Line by line, transcribe the material shown below exactly.
Top of INPUT RECORDS
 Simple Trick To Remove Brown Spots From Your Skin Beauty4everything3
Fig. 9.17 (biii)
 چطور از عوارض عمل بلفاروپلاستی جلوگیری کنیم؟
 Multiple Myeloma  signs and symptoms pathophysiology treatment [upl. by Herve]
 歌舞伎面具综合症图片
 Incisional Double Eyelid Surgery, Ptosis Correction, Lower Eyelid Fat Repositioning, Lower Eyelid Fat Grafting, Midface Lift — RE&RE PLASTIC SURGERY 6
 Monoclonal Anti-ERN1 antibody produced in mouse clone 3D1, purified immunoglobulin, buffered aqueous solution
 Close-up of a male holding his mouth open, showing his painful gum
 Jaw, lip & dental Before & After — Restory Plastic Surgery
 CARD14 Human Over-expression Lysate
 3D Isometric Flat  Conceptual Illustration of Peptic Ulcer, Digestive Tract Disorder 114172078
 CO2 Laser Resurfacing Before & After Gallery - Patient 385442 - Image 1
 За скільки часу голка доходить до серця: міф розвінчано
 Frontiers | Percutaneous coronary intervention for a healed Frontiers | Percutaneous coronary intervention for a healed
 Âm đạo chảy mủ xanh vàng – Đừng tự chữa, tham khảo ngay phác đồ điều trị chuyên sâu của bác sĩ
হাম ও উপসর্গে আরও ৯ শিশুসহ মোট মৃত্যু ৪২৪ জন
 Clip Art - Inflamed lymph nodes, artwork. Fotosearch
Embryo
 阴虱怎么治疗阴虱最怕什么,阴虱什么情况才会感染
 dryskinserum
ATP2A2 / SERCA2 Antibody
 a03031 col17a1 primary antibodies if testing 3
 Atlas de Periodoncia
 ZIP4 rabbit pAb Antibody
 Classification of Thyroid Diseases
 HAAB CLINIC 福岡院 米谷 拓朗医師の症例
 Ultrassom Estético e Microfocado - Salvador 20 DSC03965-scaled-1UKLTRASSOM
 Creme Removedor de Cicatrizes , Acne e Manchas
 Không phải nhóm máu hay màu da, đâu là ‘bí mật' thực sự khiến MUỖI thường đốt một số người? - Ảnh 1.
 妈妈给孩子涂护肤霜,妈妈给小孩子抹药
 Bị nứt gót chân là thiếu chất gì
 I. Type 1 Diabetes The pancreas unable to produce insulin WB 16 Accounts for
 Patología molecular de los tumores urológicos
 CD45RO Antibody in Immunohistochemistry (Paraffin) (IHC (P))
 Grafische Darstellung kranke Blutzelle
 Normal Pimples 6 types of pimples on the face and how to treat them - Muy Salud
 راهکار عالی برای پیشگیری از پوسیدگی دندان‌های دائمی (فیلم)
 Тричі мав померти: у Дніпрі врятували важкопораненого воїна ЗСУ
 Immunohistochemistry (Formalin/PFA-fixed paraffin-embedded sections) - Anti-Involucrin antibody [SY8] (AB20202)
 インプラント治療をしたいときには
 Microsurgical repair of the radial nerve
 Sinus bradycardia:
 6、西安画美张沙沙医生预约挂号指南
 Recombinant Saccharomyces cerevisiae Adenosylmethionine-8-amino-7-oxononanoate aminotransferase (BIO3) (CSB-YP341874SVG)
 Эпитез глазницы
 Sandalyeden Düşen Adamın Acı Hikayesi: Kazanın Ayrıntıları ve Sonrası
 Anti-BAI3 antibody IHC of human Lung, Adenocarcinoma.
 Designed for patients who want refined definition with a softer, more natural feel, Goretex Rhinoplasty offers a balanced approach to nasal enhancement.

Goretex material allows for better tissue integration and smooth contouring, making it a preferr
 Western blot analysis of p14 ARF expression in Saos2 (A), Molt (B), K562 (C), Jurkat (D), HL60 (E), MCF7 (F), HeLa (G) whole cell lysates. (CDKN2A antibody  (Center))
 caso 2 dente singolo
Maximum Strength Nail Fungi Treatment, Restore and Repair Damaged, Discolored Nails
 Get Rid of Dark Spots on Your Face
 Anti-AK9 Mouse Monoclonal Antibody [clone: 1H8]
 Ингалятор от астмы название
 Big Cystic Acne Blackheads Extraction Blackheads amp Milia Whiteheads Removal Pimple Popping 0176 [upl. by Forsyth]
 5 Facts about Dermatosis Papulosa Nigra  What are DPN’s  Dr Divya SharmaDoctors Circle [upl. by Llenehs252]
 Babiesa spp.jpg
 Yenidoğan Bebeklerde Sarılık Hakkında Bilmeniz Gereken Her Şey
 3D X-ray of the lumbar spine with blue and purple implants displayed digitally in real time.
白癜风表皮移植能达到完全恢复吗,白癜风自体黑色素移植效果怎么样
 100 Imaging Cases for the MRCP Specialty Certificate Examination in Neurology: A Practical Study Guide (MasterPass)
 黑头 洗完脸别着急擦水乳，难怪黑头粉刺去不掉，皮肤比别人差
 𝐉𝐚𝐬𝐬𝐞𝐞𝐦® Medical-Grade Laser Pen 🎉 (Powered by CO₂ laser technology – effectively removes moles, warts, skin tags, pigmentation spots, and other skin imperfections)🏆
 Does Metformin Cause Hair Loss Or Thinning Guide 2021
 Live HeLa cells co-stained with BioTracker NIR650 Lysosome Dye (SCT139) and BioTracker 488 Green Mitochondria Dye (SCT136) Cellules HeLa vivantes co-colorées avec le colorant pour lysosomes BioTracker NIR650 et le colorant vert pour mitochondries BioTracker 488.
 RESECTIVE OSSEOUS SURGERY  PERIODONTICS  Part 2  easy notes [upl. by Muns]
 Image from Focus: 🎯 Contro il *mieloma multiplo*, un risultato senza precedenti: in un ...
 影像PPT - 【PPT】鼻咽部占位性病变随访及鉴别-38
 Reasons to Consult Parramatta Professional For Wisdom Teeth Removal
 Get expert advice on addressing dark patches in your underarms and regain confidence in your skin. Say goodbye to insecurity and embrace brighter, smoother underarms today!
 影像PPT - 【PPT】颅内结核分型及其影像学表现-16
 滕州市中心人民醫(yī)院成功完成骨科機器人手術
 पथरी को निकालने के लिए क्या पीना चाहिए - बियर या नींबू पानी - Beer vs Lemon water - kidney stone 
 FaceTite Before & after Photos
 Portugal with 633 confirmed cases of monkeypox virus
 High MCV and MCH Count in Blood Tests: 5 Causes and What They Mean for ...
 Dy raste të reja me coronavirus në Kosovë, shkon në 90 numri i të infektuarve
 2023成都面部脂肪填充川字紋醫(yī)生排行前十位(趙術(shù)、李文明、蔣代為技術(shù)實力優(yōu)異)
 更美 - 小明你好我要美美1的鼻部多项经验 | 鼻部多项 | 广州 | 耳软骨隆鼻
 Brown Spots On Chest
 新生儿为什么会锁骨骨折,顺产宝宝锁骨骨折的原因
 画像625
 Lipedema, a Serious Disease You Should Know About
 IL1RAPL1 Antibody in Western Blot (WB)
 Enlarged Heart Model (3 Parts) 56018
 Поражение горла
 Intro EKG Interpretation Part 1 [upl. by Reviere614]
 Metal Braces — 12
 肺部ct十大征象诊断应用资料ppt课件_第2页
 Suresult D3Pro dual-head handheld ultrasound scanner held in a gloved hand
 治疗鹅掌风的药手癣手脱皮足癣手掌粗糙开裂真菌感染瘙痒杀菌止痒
Bottom of INPUT RECORDS
TASK SOLUTION -
 Simple Trick To Remove Brown Spots From Your Skin Beauty4everything3
Fig. 9.17 (biii)
 چطور از عوارض عمل بلفاروپلاستی جلوگیری کنیم؟
 Multiple Myeloma  signs and symptoms pathophysiology treatment [upl. by Herve]
 歌舞伎面具综合症图片
 Incisional Double Eyelid Surgery, Ptosis Correction, Lower Eyelid Fat Repositioning, Lower Eyelid Fat Grafting, Midface Lift — RE&RE PLASTIC SURGERY 6
 Monoclonal Anti-ERN1 antibody produced in mouse clone 3D1, purified immunoglobulin, buffered aqueous solution
 Close-up of a male holding his mouth open, showing his painful gum
 Jaw, lip & dental Before & After — Restory Plastic Surgery
 CARD14 Human Over-expression Lysate
 3D Isometric Flat  Conceptual Illustration of Peptic Ulcer, Digestive Tract Disorder 114172078
 CO2 Laser Resurfacing Before & After Gallery - Patient 385442 - Image 1
 За скільки часу голка доходить до серця: міф розвінчано
 Frontiers | Percutaneous coronary intervention for a healed Frontiers | Percutaneous coronary intervention for a healed
 Âm đạo chảy mủ xanh vàng – Đừng tự chữa, tham khảo ngay phác đồ điều trị chuyên sâu của bác sĩ
হাম ও উপসর্গে আরও ৯ শিশুসহ মোট মৃত্যু ৪২৪ জন
 Clip Art - Inflamed lymph nodes, artwork. Fotosearch
Embryo
 阴虱怎么治疗阴虱最怕什么,阴虱什么情况才会感染
 dryskinserum
ATP2A2 / SERCA2 Antibody
 a03031 col17a1 primary antibodies if testing 3
 Atlas de Periodoncia
 ZIP4 rabbit pAb Antibody
 Classification of Thyroid Diseases
 HAAB CLINIC 福岡院 米谷 拓朗医師の症例
 Ultrassom Estético e Microfocado - Salvador 20 DSC03965-scaled-1UKLTRASSOM
 Creme Removedor de Cicatrizes , Acne e Manchas
 Không phải nhóm máu hay màu da, đâu là ‘bí mật' thực sự khiến MUỖI thường đốt một số người? - Ảnh 1.
 妈妈给孩子涂护肤霜,妈妈给小孩子抹药
 Bị nứt gót chân là thiếu chất gì
 I. Type 1 Diabetes The pancreas unable to produce insulin WB 16 Accounts for
 Patología molecular de los tumores urológicos
 CD45RO Antibody in Immunohistochemistry (Paraffin) (IHC (P))
 Grafische Darstellung kranke Blutzelle
 Normal Pimples 6 types of pimples on the face and how to treat them - Muy Salud
 راهکار عالی برای پیشگیری از پوسیدگی دندان‌های دائمی (فیلم)
 Тричі мав померти: у Дніпрі врятували важкопораненого воїна ЗСУ
 Immunohistochemistry (Formalin/PFA-fixed paraffin-embedded sections) - Anti-Involucrin antibody [SY8] (AB20202)
 インプラント治療をしたいときには
 Microsurgical repair of the radial nerve
 Sinus bradycardia:
 6、西安画美张沙沙医生预约挂号指南
 Recombinant Saccharomyces cerevisiae Adenosylmethionine-8-amino-7-oxononanoate aminotransferase (BIO3) (CSB-YP341874SVG)
 Эпитез глазницы
 Sandalyeden Düşen Adamın Acı Hikayesi: Kazanın Ayrıntıları ve Sonrası
 Anti-BAI3 antibody IHC of human Lung, Adenocarcinoma.
 Designed for patients who want refined definition with a softer, more natural feel, Goretex Rhinoplasty offers a balanced approach to nasal enhancement.

Goretex material allows for better tissue integration and smooth contouring, making it a preferr
 Western blot analysis of p14 ARF expression in Saos2 (A), Molt (B), K562 (C), Jurkat (D), HL60 (E), MCF7 (F), HeLa (G) whole cell lysates. (CDKN2A antibody  (Center))
 caso 2 dente singolo
Maximum Strength Nail Fungi Treatment, Restore and Repair Damaged, Discolored Nails
 Get Rid of Dark Spots on Your Face
 Anti-AK9 Mouse Monoclonal Antibody [clone: 1H8]
 Ингалятор от астмы название
 Big Cystic Acne Blackheads Extraction Blackheads amp Milia Whiteheads Removal Pimple Popping 0176 [upl. by Forsyth]
 5 Facts about Dermatosis Papulosa Nigra  What are DPN’s  Dr Divya SharmaDoctors Circle [upl. by Llenehs252]
 Babiesa spp.jpg
 Yenidoğan Bebeklerde Sarılık Hakkında Bilmeniz Gereken Her Şey
 3D X-ray of the lumbar spine with blue and purple implants displayed digitally in real time.
白癜风表皮移植能达到完全恢复吗,白癜风自体黑色素移植效果怎么样
 100 Imaging Cases for the MRCP Specialty Certificate Examination in Neurology: A Practical Study Guide (MasterPass)
 黑头 洗完脸别着急擦水乳，难怪黑头粉刺去不掉，皮肤比别人差
 𝐉𝐚𝐬𝐬𝐞𝐞𝐦® Medical-Grade Laser Pen 🎉 (Powered by CO₂ laser technology – effectively removes moles, warts, skin tags, pigmentation spots, and other skin imperfections)🏆
 Does Metformin Cause Hair Loss Or Thinning Guide 2021
 Live HeLa cells co-stained with BioTracker NIR650 Lysosome Dye (SCT139) and BioTracker 488 Green Mitochondria Dye (SCT136) Cellules HeLa vivantes co-colorées avec le colorant pour lysosomes BioTracker NIR650 et le colorant vert pour mitochondries BioTracker 488.
 RESECTIVE OSSEOUS SURGERY  PERIODONTICS  Part 2  easy notes [upl. by Muns]
 Image from Focus: 🎯 Contro il *mieloma multiplo*, un risultato senza precedenti: in un ...
 影像PPT - 【PPT】鼻咽部占位性病变随访及鉴别-38
 Reasons to Consult Parramatta Professional For Wisdom Teeth Removal
 Get expert advice on addressing dark patches in your underarms and regain confidence in your skin. Say goodbye to insecurity and embrace brighter, smoother underarms today!
 影像PPT - 【PPT】颅内结核分型及其影像学表现-16
 滕州市中心人民醫(yī)院成功完成骨科機器人手術
 पथरी को निकालने के लिए क्या पीना चाहिए - बियर या नींबू पानी - Beer vs Lemon water - kidney stone 
 FaceTite Before & after Photos
 Portugal with 633 confirmed cases of monkeypox virus
 High MCV and MCH Count in Blood Tests: 5 Causes and What They Mean for ...
 Dy raste të reja me coronavirus në Kosovë, shkon në 90 numri i të infektuarve
 2023成都面部脂肪填充川字紋醫(yī)生排行前十位(趙術(shù)、李文明、蔣代為技術(shù)實力優(yōu)異)
 更美 - 小明你好我要美美1的鼻部多项经验 | 鼻部多项 | 广州 | 耳软骨隆鼻
 Brown Spots On Chest
 新生儿为什么会锁骨骨折,顺产宝宝锁骨骨折的原因
 画像625
 Lipedema, a Serious Disease You Should Know About
 IL1RAPL1 Antibody in Western Blot (WB)
 Enlarged Heart Model (3 Parts) 56018
 Поражение горла
 Intro EKG Interpretation Part 1 [upl. by Reviere614]
 Metal Braces — 12
 肺部ct十大征象诊断应用资料ppt课件_第2页
 Suresult D3Pro dual-head handheld ultrasound scanner held in a gloved hand
 治疗鹅掌风的药手癣手脱皮足癣手掌粗糙开裂真菌感染瘙痒杀菌止痒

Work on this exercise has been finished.